Material for this exercise ▸
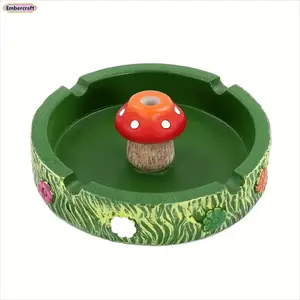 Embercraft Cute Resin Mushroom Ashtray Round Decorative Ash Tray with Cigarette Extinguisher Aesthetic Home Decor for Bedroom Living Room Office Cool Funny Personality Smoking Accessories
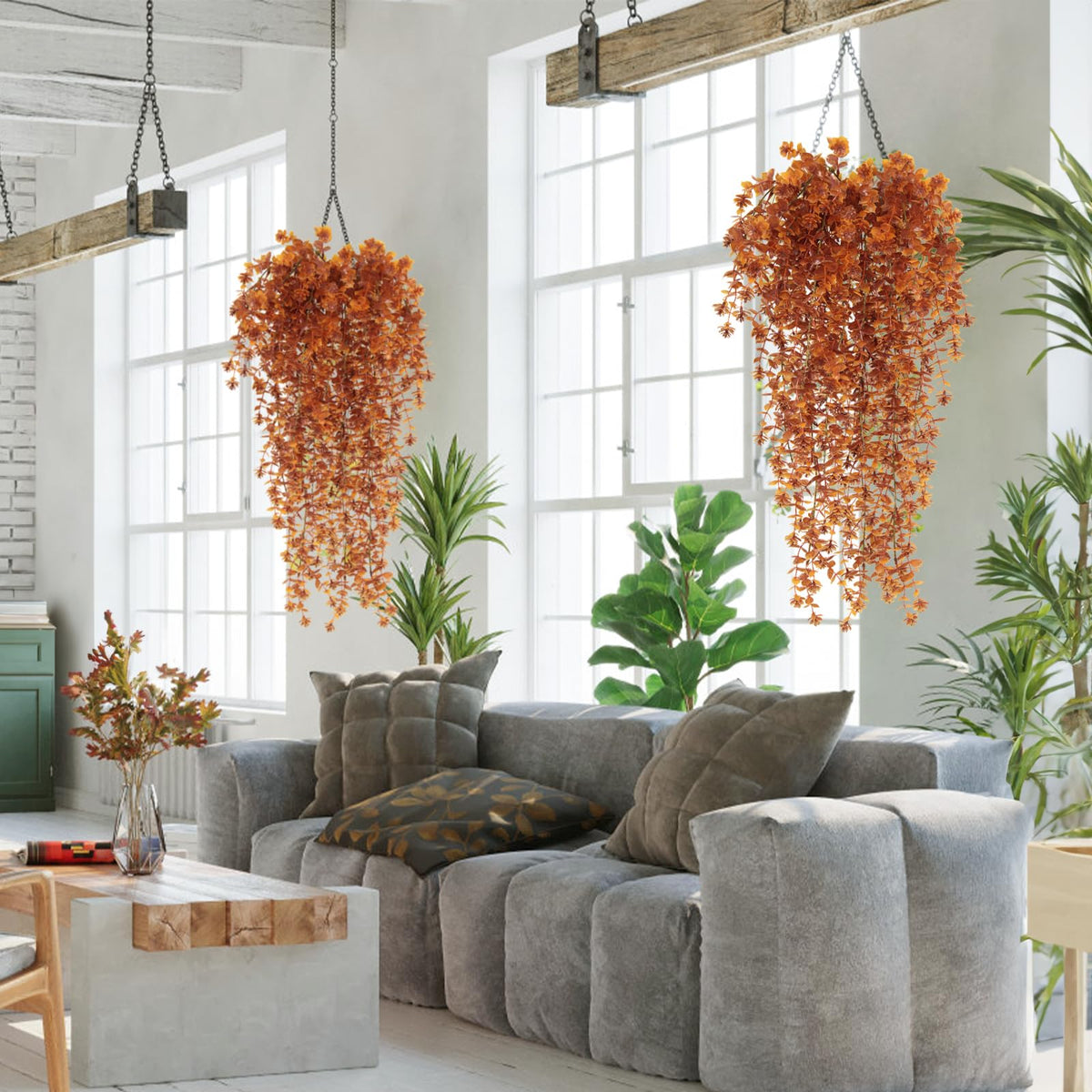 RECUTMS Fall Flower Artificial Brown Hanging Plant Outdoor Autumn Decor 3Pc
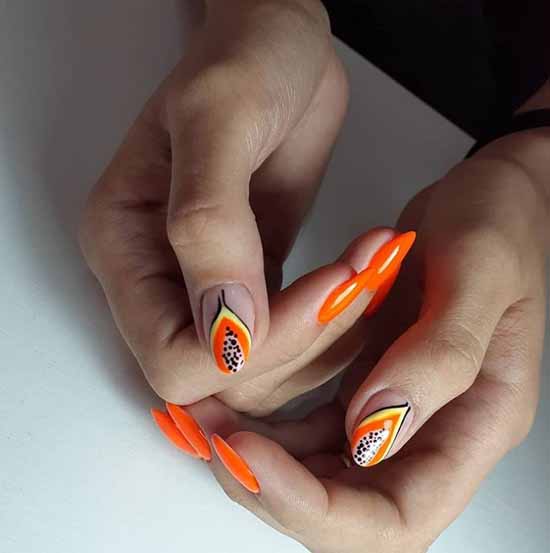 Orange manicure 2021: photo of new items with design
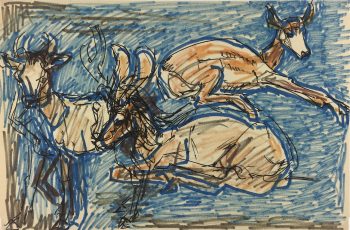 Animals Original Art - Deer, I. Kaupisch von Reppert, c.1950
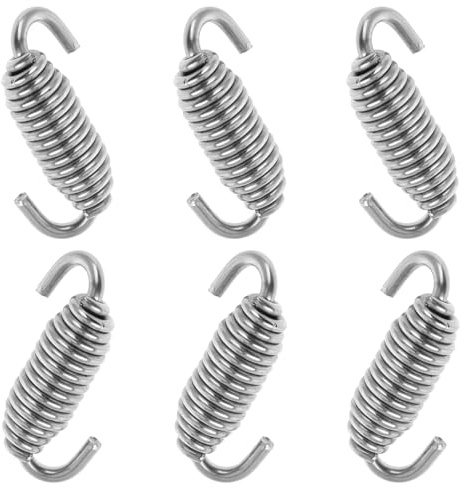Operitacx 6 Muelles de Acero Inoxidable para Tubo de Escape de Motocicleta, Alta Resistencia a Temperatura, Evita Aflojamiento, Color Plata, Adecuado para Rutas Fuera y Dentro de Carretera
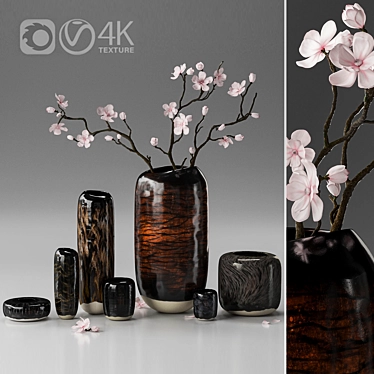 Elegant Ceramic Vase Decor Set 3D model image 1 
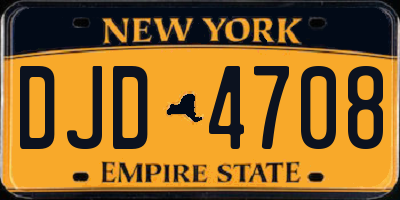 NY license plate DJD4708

* * *

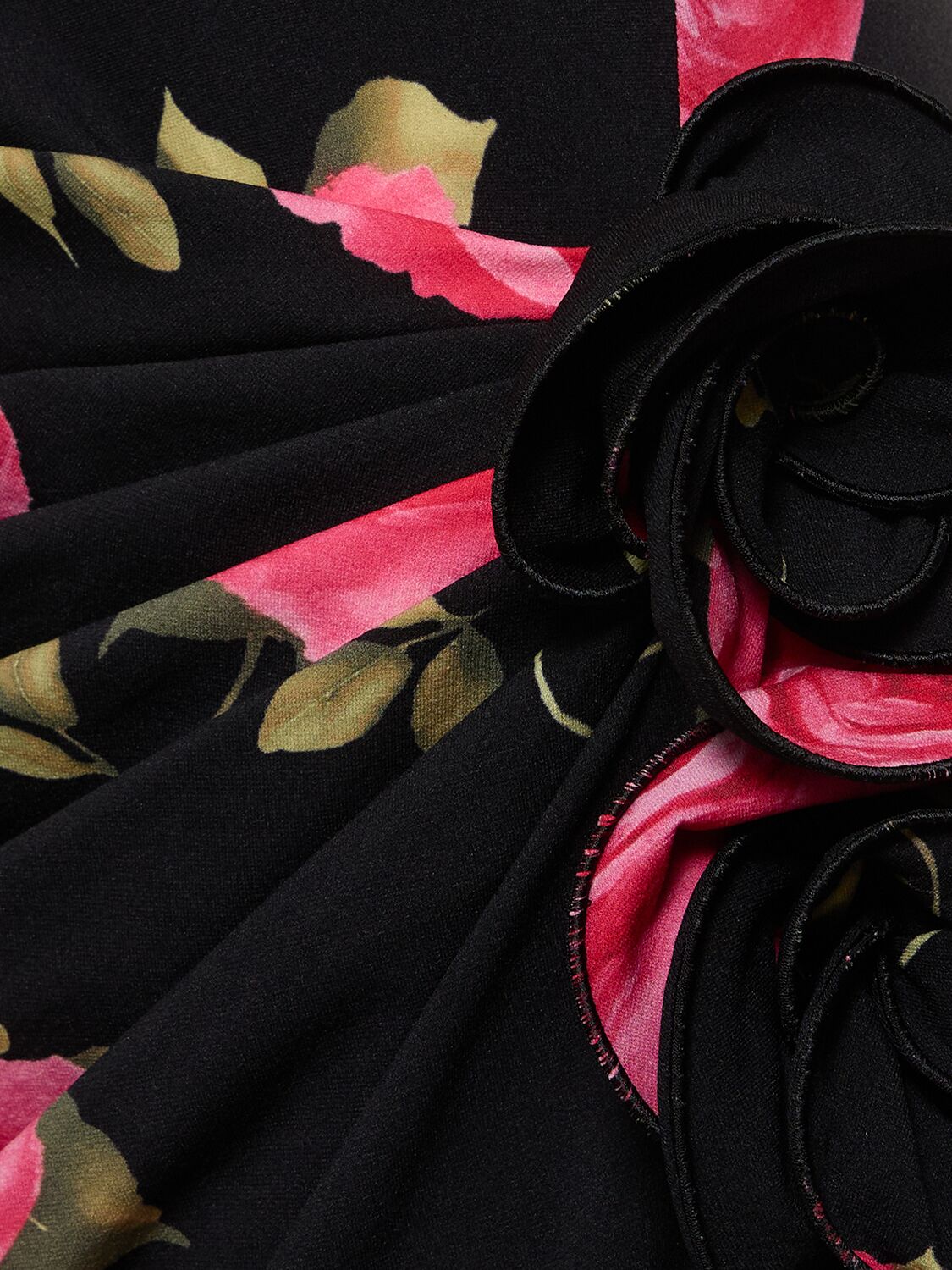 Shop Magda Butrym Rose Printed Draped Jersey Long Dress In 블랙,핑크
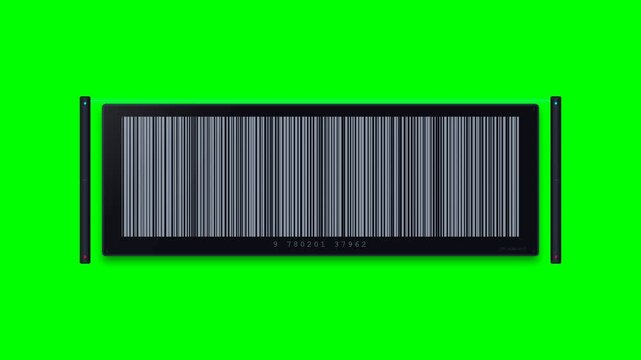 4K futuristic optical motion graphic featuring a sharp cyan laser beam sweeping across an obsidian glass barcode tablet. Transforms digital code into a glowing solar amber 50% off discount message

---

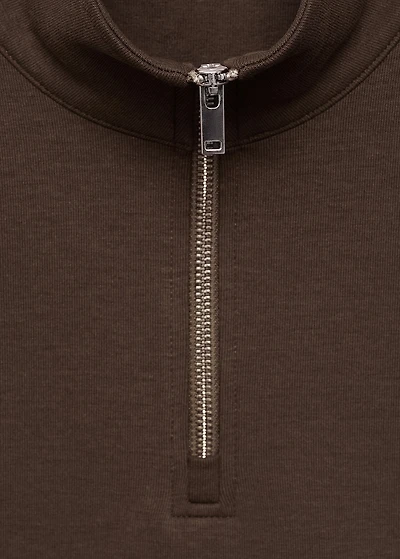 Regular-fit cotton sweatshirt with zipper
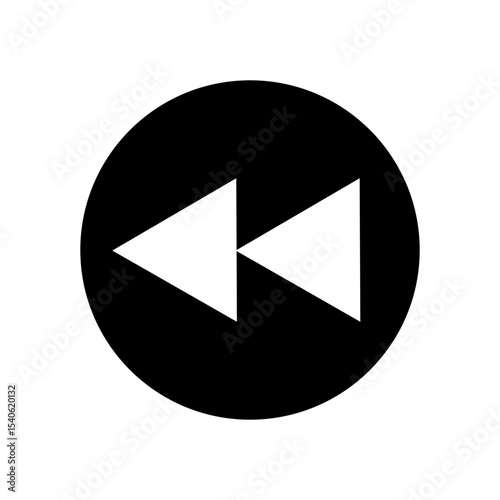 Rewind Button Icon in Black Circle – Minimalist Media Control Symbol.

Prompt ▸ In the records above, find the line with "Animals Original Art" and the line with "NY license plate DJD4708". Write out exactly those lines and every one between, with no pictures and no other lines.

Reply to the exercise ▸
 Animals Original Art - Deer, I. Kaupisch von Reppert, c.1950
Operitacx 6 Muelles de Acero Inoxidable para Tubo de Escape de Motocicleta, Alta Resistencia a Temperatura, Evita Aflojamiento, Color Plata, Adecuado para Rutas Fuera y Dentro de Carretera
 Elegant Ceramic Vase Decor Set 3D model image 1 
 NY license plate DJD4708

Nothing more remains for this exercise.